___ DATA ___
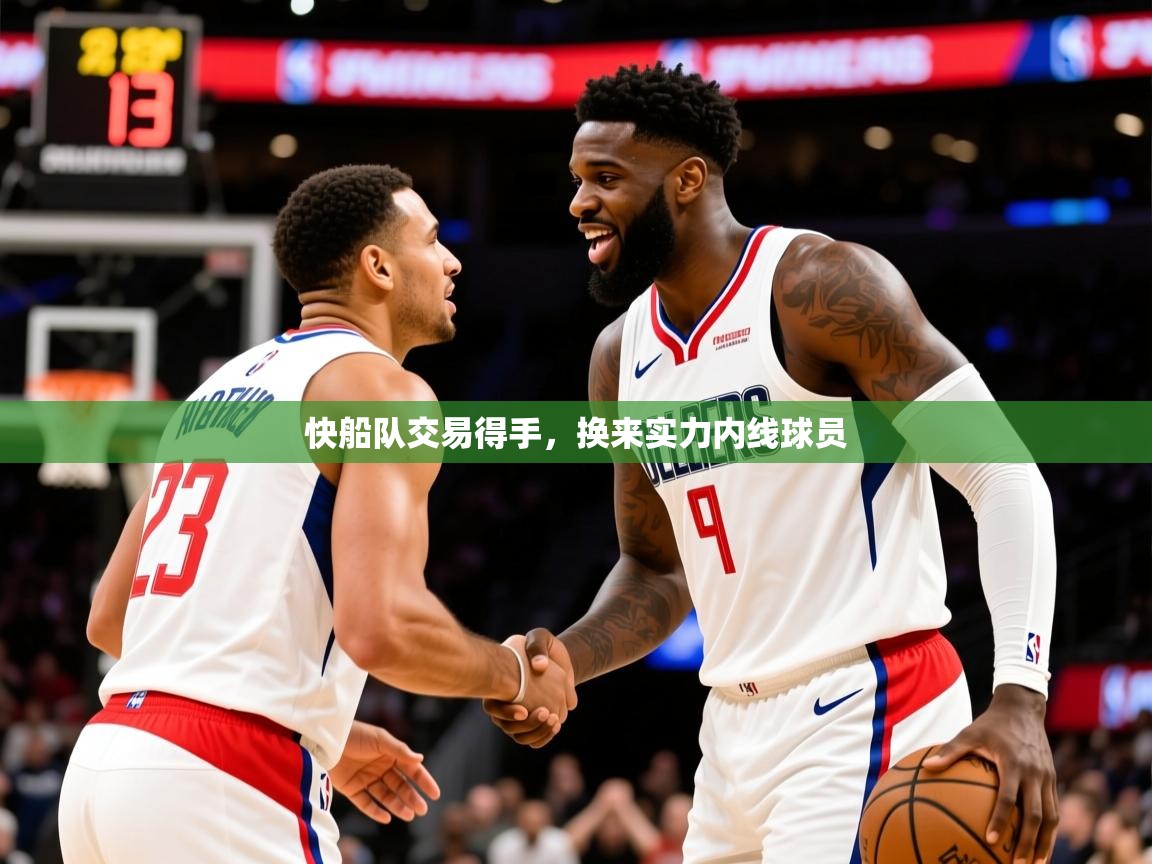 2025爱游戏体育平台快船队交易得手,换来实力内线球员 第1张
___
___ DATA ___
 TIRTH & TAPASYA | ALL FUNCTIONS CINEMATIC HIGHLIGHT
___
___ DATA ___
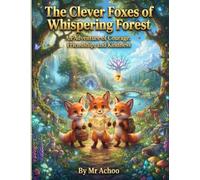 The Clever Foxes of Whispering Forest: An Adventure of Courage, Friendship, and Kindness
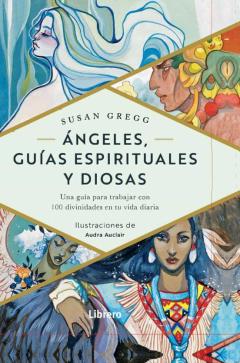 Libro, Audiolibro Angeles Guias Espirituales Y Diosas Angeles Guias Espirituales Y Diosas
___
▶ TASK REQUIREMENTS:
Though the entries above contain pictures, none should be copied; reproduce only the lines between the one holding "The Clever Foxes" and the one holding "Libro, Audiolibro Angeles", inclusive, exactly as written.

▶ RESPONSE AREA:
 The Clever Foxes of Whispering Forest: An Adventure of Courage, Friendship, and Kindness
 Libro, Audiolibro Angeles Guias Espirituales Y Diosas Angeles Guias Espirituales Y Diosas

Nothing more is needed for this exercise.